When YSL, abandoned his elaborate costume looks he also gave up the colorful prints that adorned them. Now there are plaids and stripes, done simply and architecturally, such as a stark black and white plaid used in a ruffle trimmed, almost see-through dress, with an uneven, cut-up hemline.

"After such an explosion of prints the reaction had to come," said Gustay Zumsteg, the head of Abraham and Co. where a large number of YSL fabrics are made.

Along with the stripes and plaids are several butterfly and dove prints, all small designes, in bright colors on dark backgrounds that look almost like book-paper prints.

His solids are often a silk shantung tussah, a fabric that hasn't been used in a while that has a slight slub, and is really more rigid than many of the soft fabrics that have been so popular recently.

YSL may have chosen shantung not only for its appearance but the fact that it has Chinese origins. The silk is Chinese and it is woven in China and dyed and printed in Switzerland.

He's also kept in mind all those ladies who own his Chinese designs by including several quilted jackets that have the overstitching more for decoration than warmth. The jackets are cut quite unlike a traditional Chinese style including one rounded cutaway with contrast borders.

Even the ruffles are still around at YSL so as not to insult those customers who will still be wearing those from his past collections. But now they are far more subtle. Like ruffle trims at the hem of the crepe de chine print dresses we once called "cocktail dressed."

Like Karl Lagerfeld, YSL has included many transparent styles and revealing deep side slits.
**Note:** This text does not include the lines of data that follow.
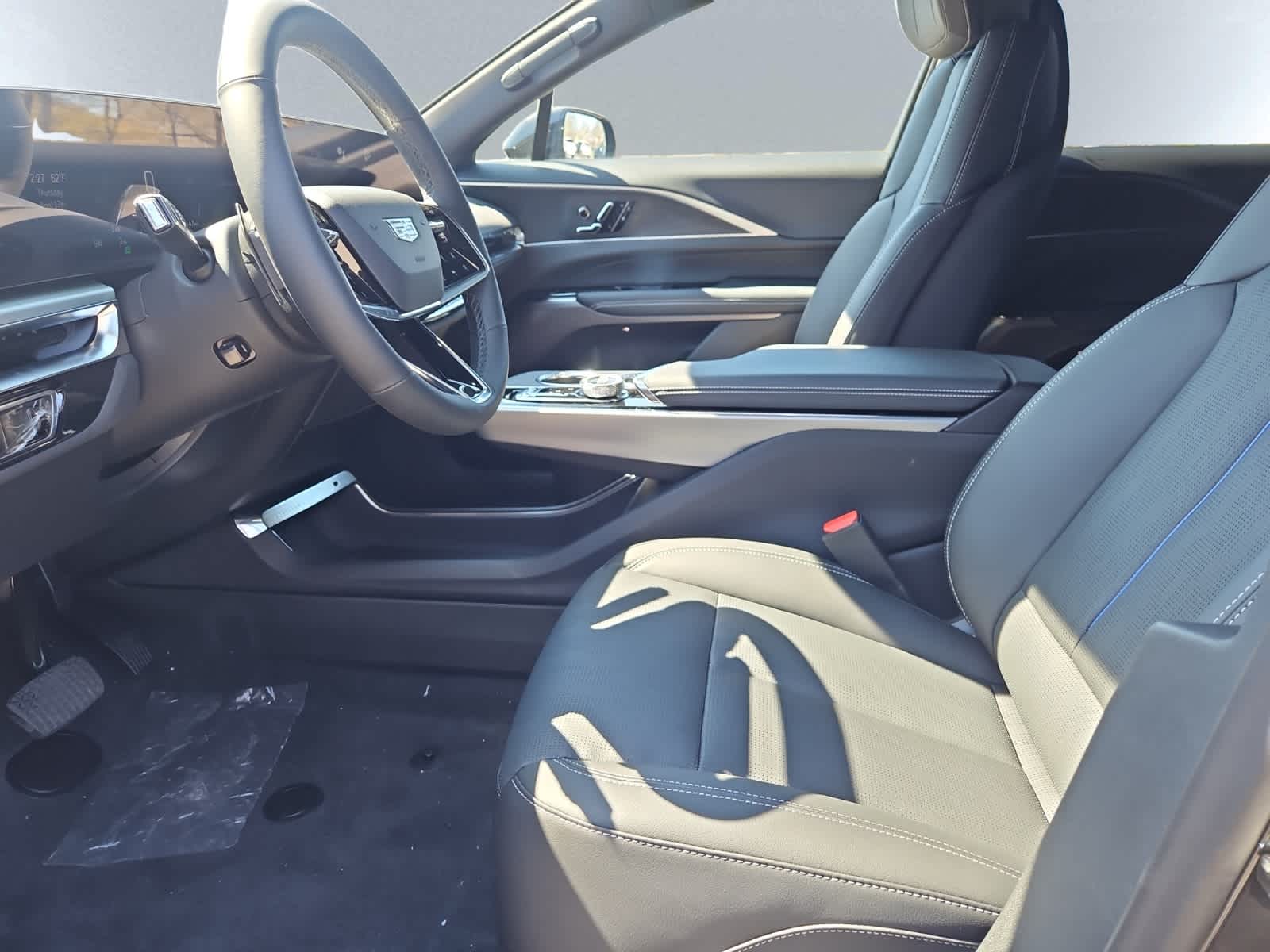 new 2025 Cadillac LYRIQ car, priced at $64,615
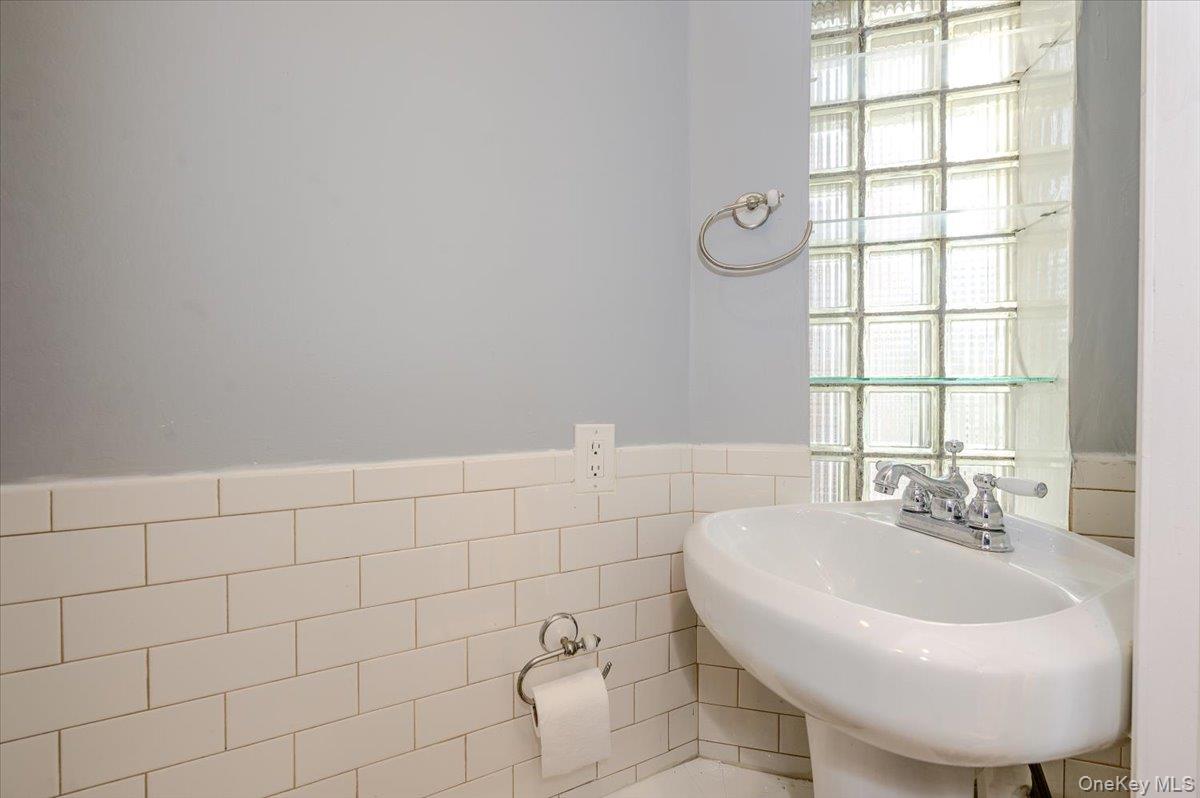 76-18 Utopia Parkway Property Photo 13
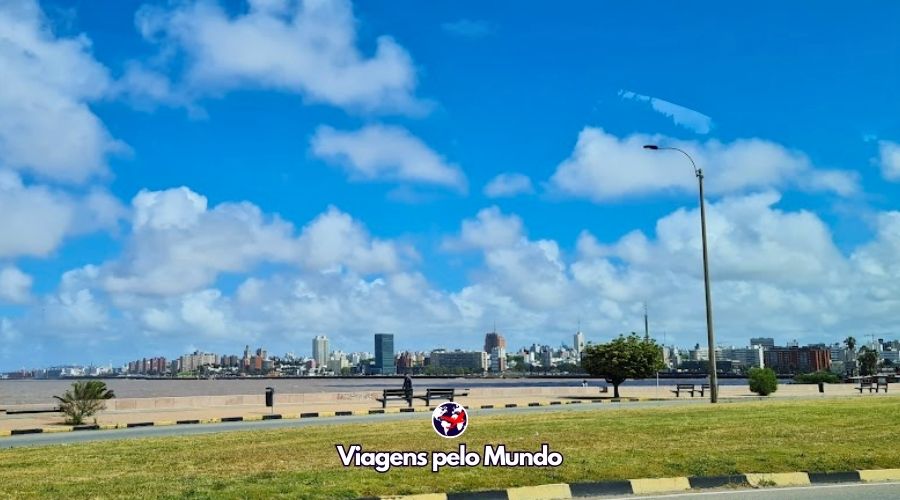 Transporte que pegamos para Bouza, passando por vários hotéis em Montevidéu.
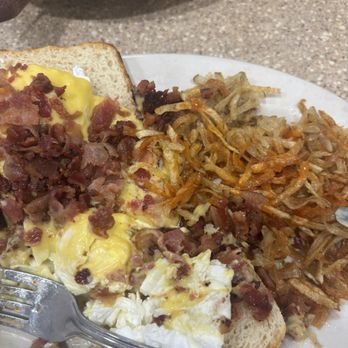 The Homestead Restaurant - Eggs Benny. Sub bacon - Breakfast & Brunch Near Me - Whitehall, Michigan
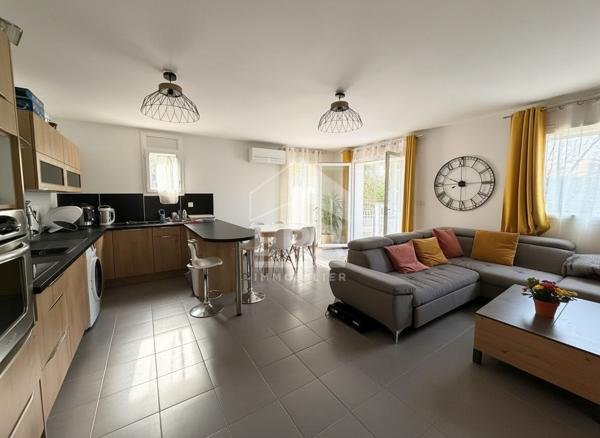 MARSEILLE 10ème - A vendre Appartement T3 avec ascenseur - Box et place de parking privative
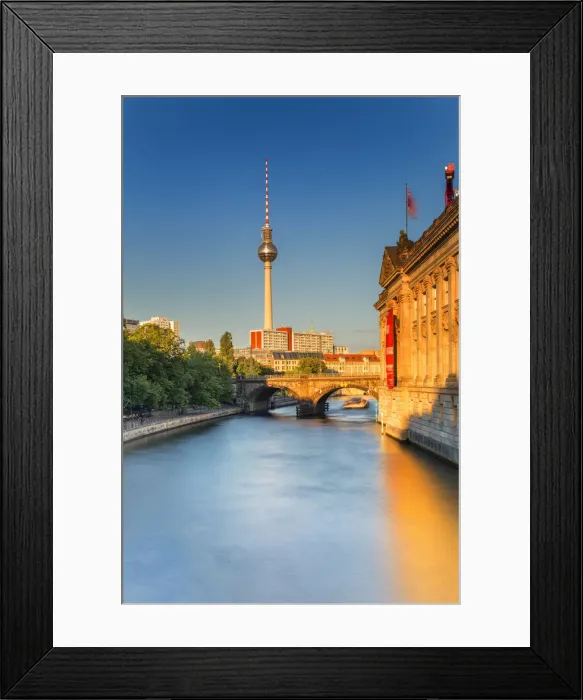 Framed Print : Germany, Deutschland. Berlin. Berlin Mitte. Alexanderplatz. Berliner Fernsehturm Framed Print : Germany, Deutschland. Berlin. Berlin Mitte. Alexanderplatz. Berliner Fernsehturm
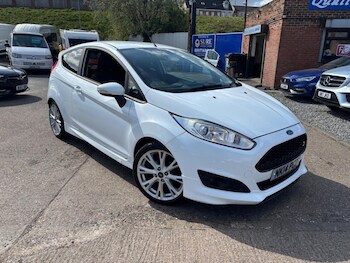 Used Ford Fiesta 2014 for sale - 78401704: Photo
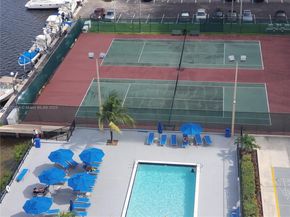 2780 NE 183rd St 908, Aventura FL 33160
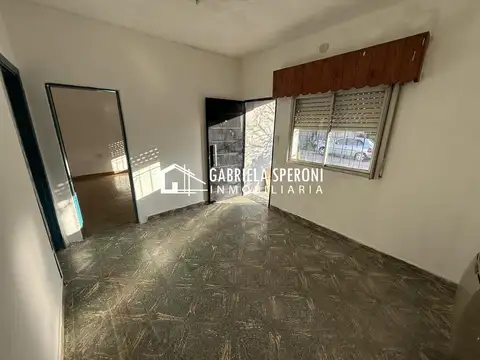Casa 3 ambientes con 1 baño
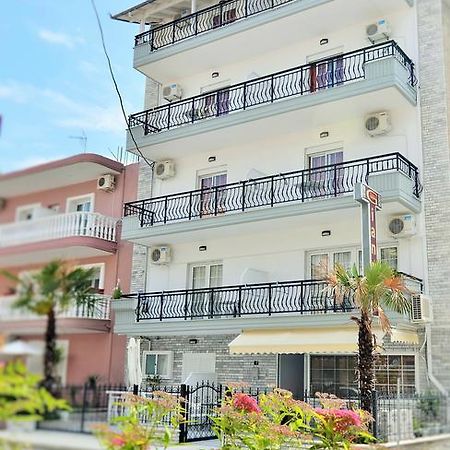 Giannis Hotel Paralía Exteriör bild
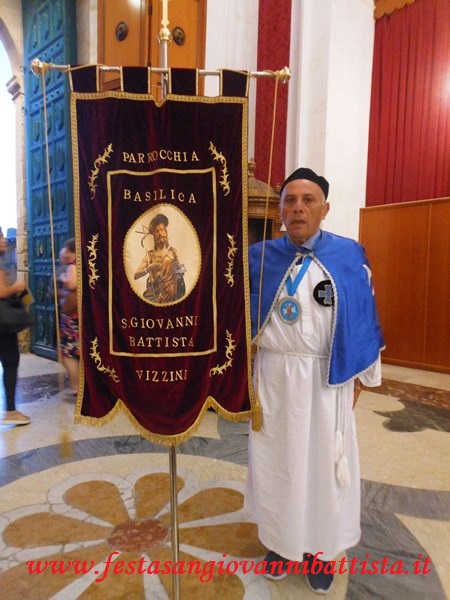 28/08/2018. Il Confrate Pippo Di Mariano con lo stendardo della Confraternita di San Giovanni Battista di Vizzini.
Geraldine Stutz, Henri Bendel president, who put YSL into the genius category for being able to create "modern sportswear" with as much ease and skill as he does romantic fantasy dressing, like his transparent styles. "Of course, today we are concentrating more on our bodies. This is the last vestige of real freedom," said Stutz enthusiastically. "It is taking fashion for what it really is - something to put on your body."